Before Raman considered founding a research institute, he had approached the former Maharaja of Mysore seeking land to build office and conference premises for the Indian Academy of Sciences (IAS). The Maharaja acceded to Raman's request and a 10 acre plot of land in the Malleshwaram suburb of Bengaluru was allotted to the Indian Academy of Sciences in 1934. However, the academy (then headed by Raman) made no use of the land for seven years. According to the terms of the deal with the Maharaja, the land could be to another use by the government of Mysore if it still remained unused at the end of 1941.

Raman, as President of the IAS, held an extraordinary meeting of the academy in 1941, and proposed that a research institute (to be named after himself) be built on the land. The proposal was approved and a foundational stone was laid on the ground, signifying that the land was now in use. However, it was not until 1948 that the institute was opened. Raman had planned the institute much before he retired as the head of the Physics Department of the Indian Institute of Science. His idea had been to move directly to his newly founded institute when he retired from IISc. This happened in 1948 - Thus, the Raman Research Institute began under the umbrella of the Indian Academy of Sciences, and both under Raman's leadership.

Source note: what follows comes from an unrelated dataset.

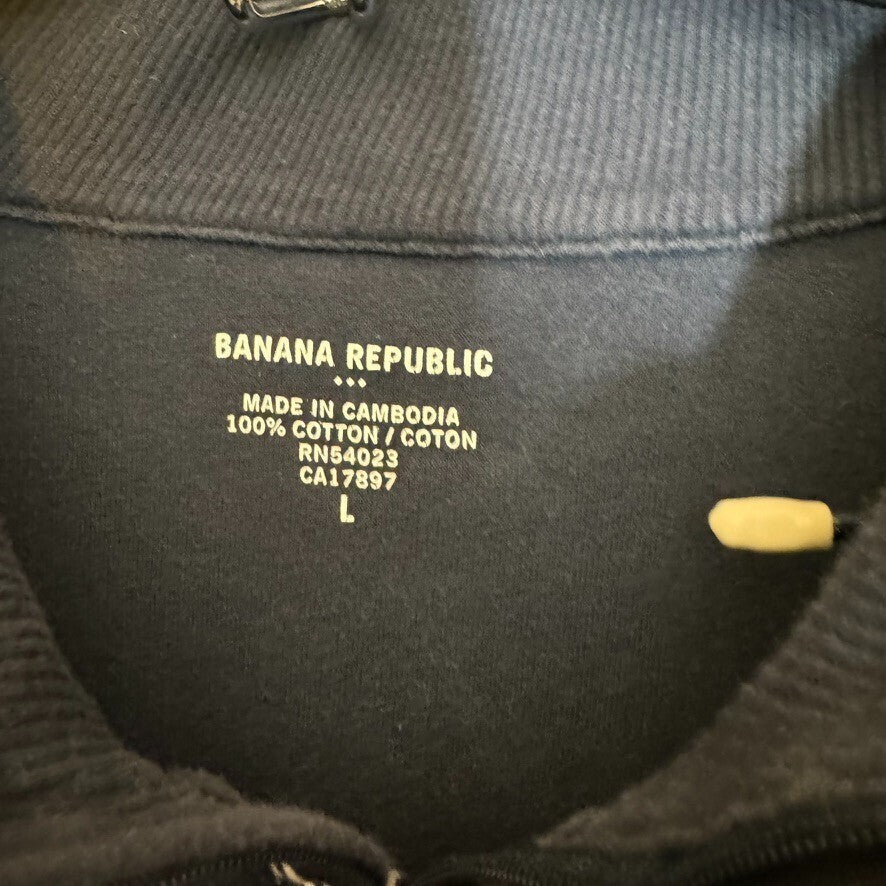 Banana Republic Lg Men's 1/4 Zip Collared Sweatshirt Navy Preppy Cozy Casual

Raman had an apparent hatred for writing project reports or having to give periodic status reports to project funders. For this reason, Raman refused to accept any funds from the Indian government and other sources. "He was of the firm belief that science could not be done that way,” said Prof. N. V Madhusudana, Dean of Research at the RRI and a liquid crystal scientist. As a Nobel Laureate, Raman enjoyed significant respect in Indian public life and was able to raise funds for the institute through private donations and fund-raisers without state involvement. Unashamed of his fundraising, Raman declared: "Our greatest men were beggars—the Buddha, Sankara and Mahatma Gandhi." Raman also found the scrutiny the Government was taking in funding scientific research in the 1950s and 1960s insufficient.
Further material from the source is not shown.